» SUPPLIED MATERIAL:
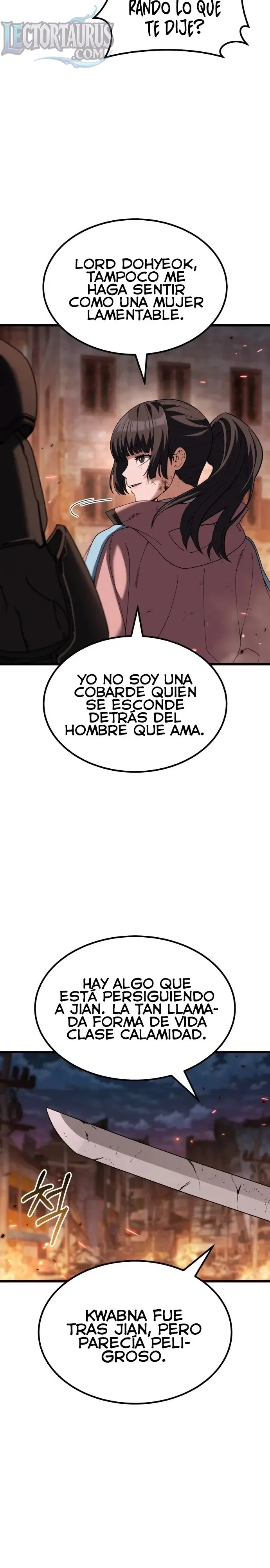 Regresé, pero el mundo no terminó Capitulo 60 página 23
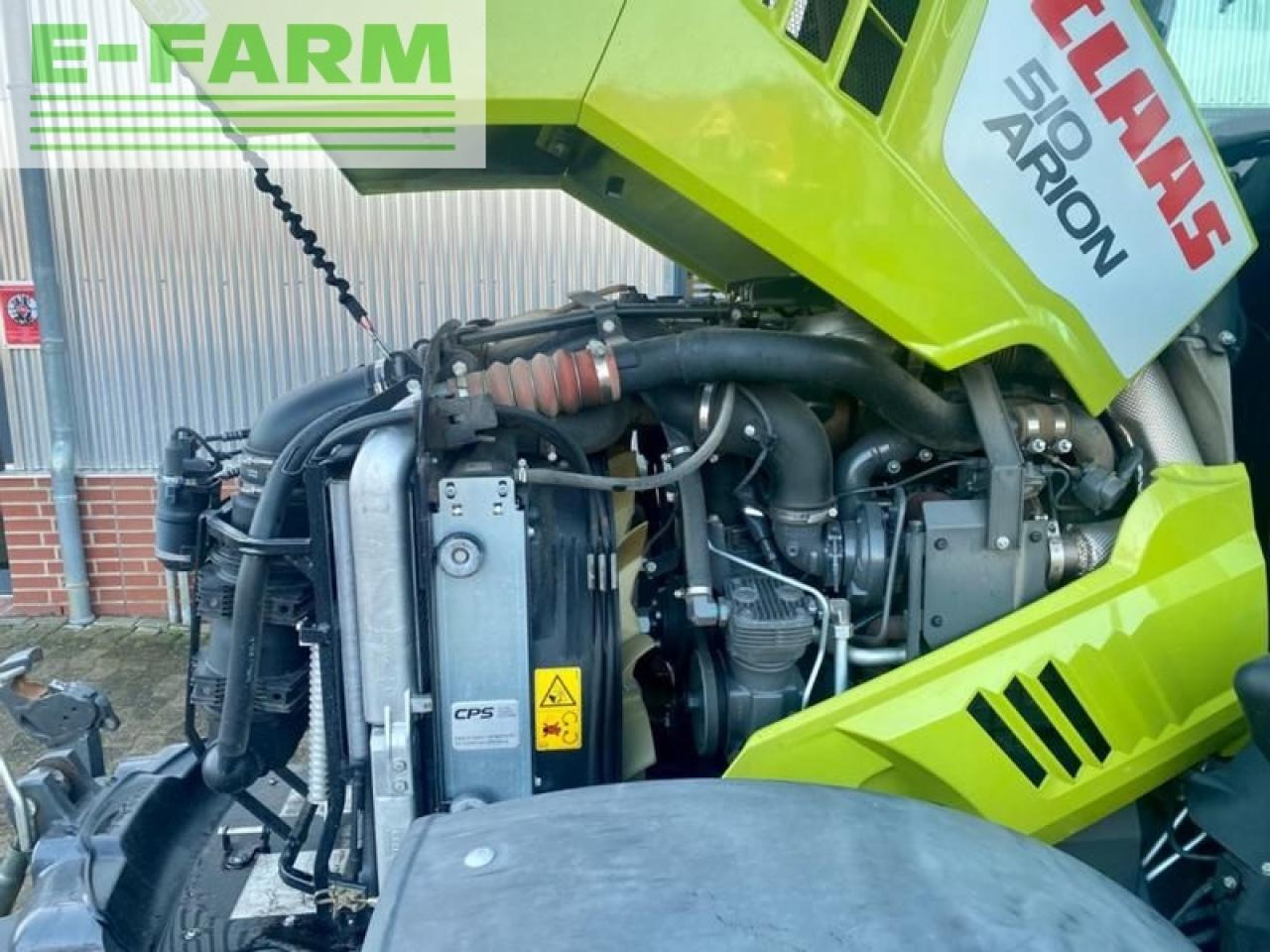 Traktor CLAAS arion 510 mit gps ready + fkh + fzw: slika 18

---

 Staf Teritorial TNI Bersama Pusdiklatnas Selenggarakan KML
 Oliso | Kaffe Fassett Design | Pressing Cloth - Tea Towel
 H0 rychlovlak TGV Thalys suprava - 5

» GOAL OF THE EXERCISE: In the listing above, find the line with "Regresé, pero el" and the line with "Traktor CLAAS arion". Set down exactly those lines and everything between them, skipping pictures.

» SOLUTION TO THIS TASK:
 Regresé, pero el mundo no terminó Capitulo 60 página 23
 Traktor CLAAS arion 510 mit gps ready + fkh + fzw: slika 18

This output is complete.